Rizzo is negotiating mitigation payments with Suffolk Downs over plans to build a $1 billion gambling resort at the thoroughbred track, which straddles the city line between East Boston and Revere. As the mayor of one of the host cities, Rizzo has tremendous leverage under state law to demand compensation from Suffolk Downs for accepting casino gambling in the community.
The partnership that owns Suffolk Downs also controls Wonderland, a 34-acre parcel entirely in Revere and assessed at about $10.8 million, according to Suffolk Downs and city records.
Enter New England Patriots owner Robert Kraft, who also owns the Revolution Major League Soccer team. Kraft has been looking for several years for an urban location to build a new soccer-specific stadium, with the intention of moving the Revolution from cavernous Gillette Stadium in suburban Foxborough. Kraft explored building in Somerville as recently as 2010.

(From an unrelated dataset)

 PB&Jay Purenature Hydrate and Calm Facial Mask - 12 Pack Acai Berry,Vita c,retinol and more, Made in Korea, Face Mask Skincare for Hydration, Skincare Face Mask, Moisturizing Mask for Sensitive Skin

The team has been talking with Rizzo about building at Wonderland if the city gets control of the land. “We are in discussions with the City of Revere, which offers the proximity to urban centers and access to transit that we are seeking for a future Revolution stadium, but talks are preliminary at this stage,” said New England Revolution president Brian Bilello, in a statement to the Globe.
Revolution games in 2012 have drawn an average of 13,281 fans, who tend to get swallowed up in an NFL football stadium that seats nearly 70,000. Team officials believe they could draw 20,000 a game in an urban area. Revere fits the bill as a densely populated community close to Boston, with the added attraction of a large number of immigrants from soccer-crazed Latin America and Brazil.

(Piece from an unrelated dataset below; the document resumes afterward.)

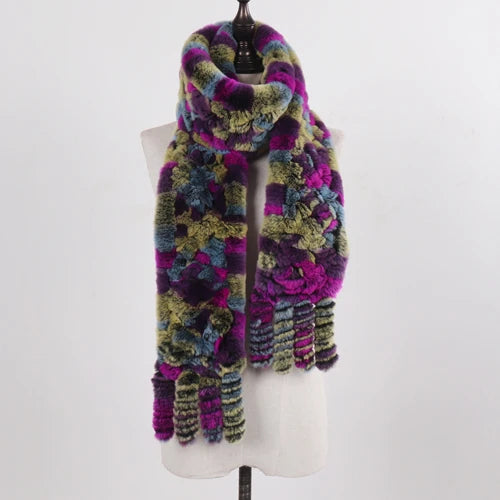Real Rex Rabbit Fur Scarf – Knit Tassel Winter Shawl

The city “has to be right in the wheelhouse in terms of soccer fans,” said Rizzo. “I’d love to see a full-blown professional soccer team here.”
The negotiations between Revere and Suffolk Downs could be another test of the clout of local officials under the state’s 2011 casino law.

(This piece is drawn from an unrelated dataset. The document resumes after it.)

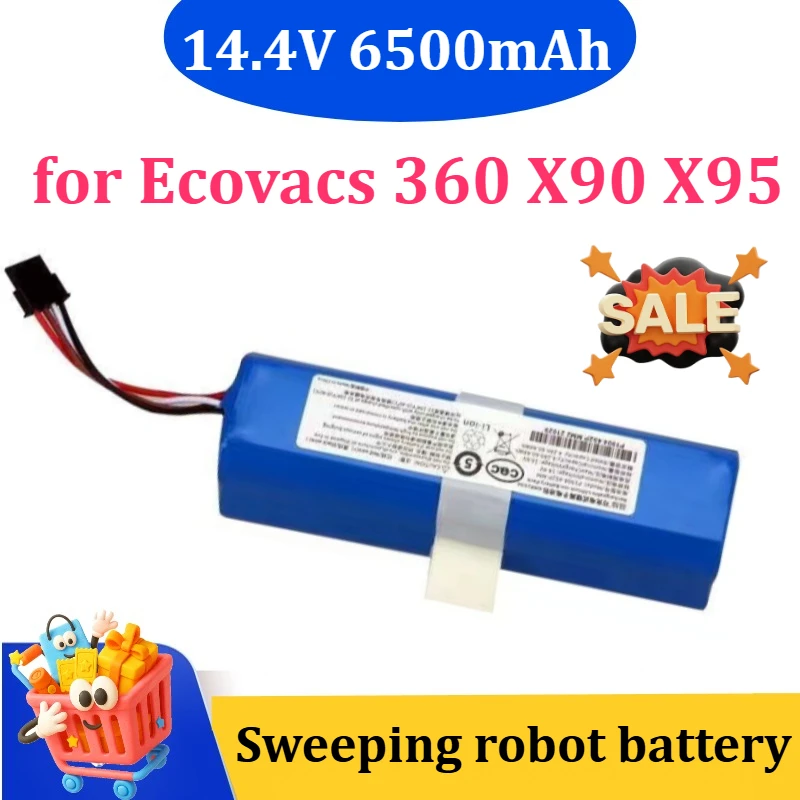 New 14.4V 6500mAh Rechargeable Battery for Ecovacs 360 X90 X95 Robot Vacuum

Municipal officials have become extraordinarily powerful figures in the early months of the development of the Massachusetts casino industry. In Holyoke, for instance, Mayor Alex Morse was elected on an anticasino platform and promptly persuaded Hard Rock International to give up plans for a gambling resort in the city. In Foxborough, the part-time Board of Selectmen stonewalled a casino proposal from Las Vegas billionaire Steve Wynn. When the May town election strengthened the anticasino tilt of the board, Wynn gave up.
In Springfield, Mayor Domenic Sarno took the opposite path, by inviting gambling companies to his city. Sarno will have as many as four proposals from which to choose, as wealthy casino operators eagerly tailor their projects to fit the city’s every whim, in their rush to win Sarno’s favor.
Suffolk Downs, the only applicant to date for the sole casino resort license in Greater Boston, cannot complete its application to the state gambling commission until it reaches a negotiated deal with Rizzo on compensation. It must reach a separate agreement with Mayor Thomas M. Menino of Boston.
State Senator Stanley Rosenberg, an Amherst Democrat and one of the architects of the casino law, said lawmakers gave cities and towns leverage over developers to ensure that the communities are made whole for any negative effects from casino developments or for any added drain on services.
The compensation can come in just about any form: cash payments, new equipment, services, or local preferences in hiring. “We wanted to provide that flexibility,” Rosenberg said.
Wonderland, a former dog racing and simulcast track, fell on hard times and closed in 2010, hurt by a state ban on live dog racing.
Suffolk Downs secured an option to buy Wonderland in 2008 and took title of the property last spring.
The owners are open to different options for redeveloping the parcel, said Chip Tuttle, chief operating officer for Suffolk Downs.
“We want to develop Wonderland in a manner that complements the ongoing revitalization of the Revere Beach area,” Tuttle said. “We don’t have specific plans for Wonderland yet.” He said the negotiations with Revere are in their early stages and that the city has not yet asked for the property.
“That concept hasn’t been broached,” he said.